Recorded data:
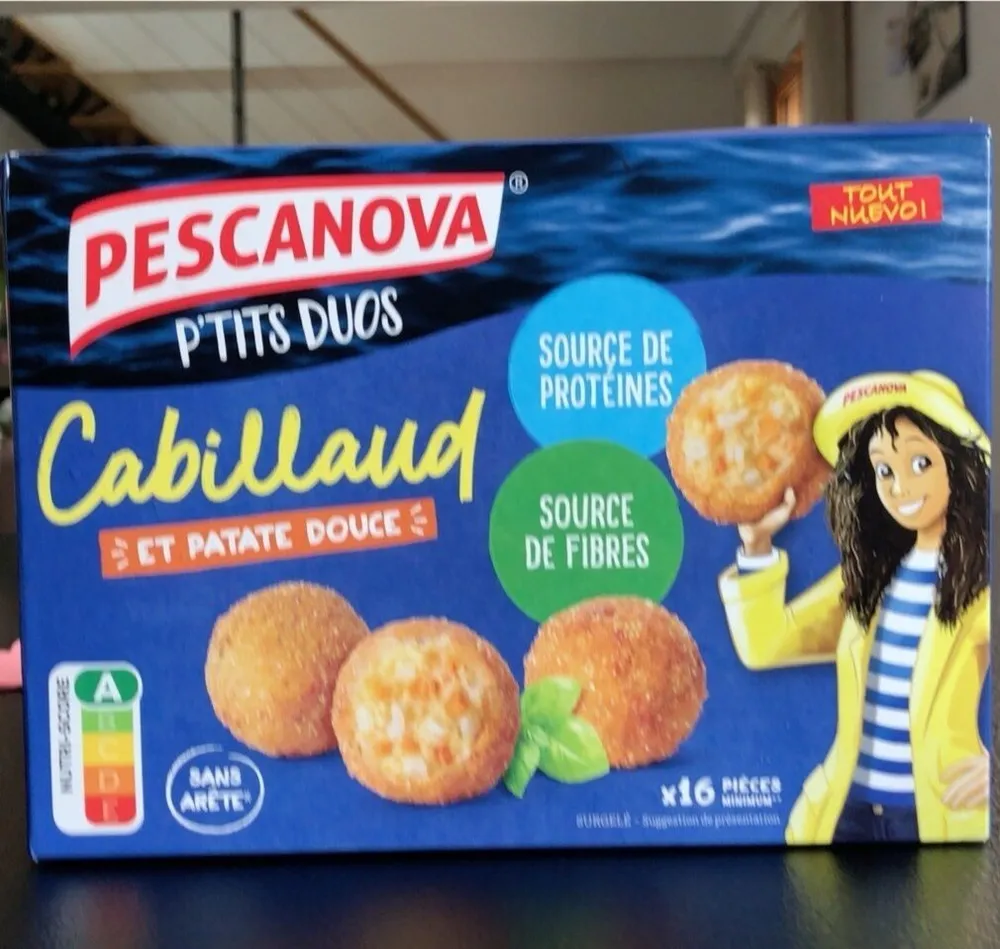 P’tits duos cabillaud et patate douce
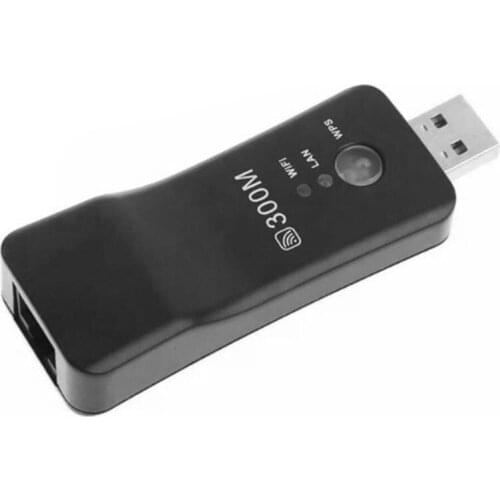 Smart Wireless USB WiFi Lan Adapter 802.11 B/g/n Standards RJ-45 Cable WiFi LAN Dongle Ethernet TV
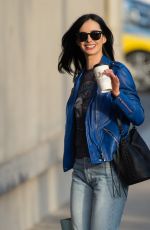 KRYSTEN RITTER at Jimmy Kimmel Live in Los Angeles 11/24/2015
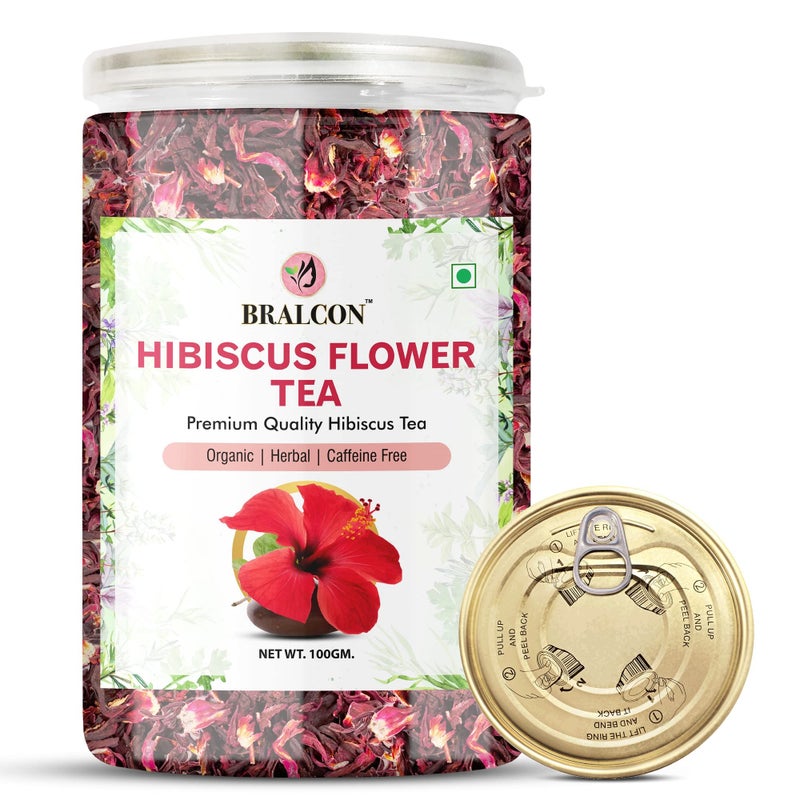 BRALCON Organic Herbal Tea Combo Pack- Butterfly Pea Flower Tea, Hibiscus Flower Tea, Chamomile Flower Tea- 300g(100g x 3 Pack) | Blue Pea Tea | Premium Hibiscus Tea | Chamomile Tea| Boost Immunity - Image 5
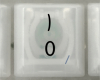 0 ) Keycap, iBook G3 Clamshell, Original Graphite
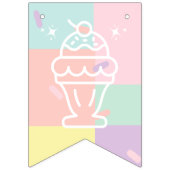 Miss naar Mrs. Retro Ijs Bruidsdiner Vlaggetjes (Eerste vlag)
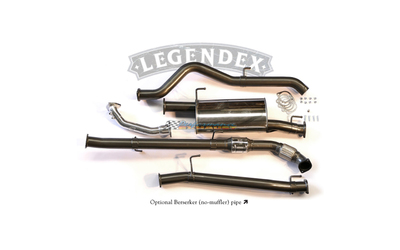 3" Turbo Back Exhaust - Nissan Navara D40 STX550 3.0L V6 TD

> [THE TASK]
Exact text is required for the lines from the one with "Miss naar Mrs." through the last line of the entries, both included. Omit pictures.

> [FINISHED EXERCISE]
 Miss naar Mrs. Retro Ijs Bruidsdiner Vlaggetjes (Eerste vlag)
 3" Turbo Back Exhaust - Nissan Navara D40 STX550 3.0L V6 TD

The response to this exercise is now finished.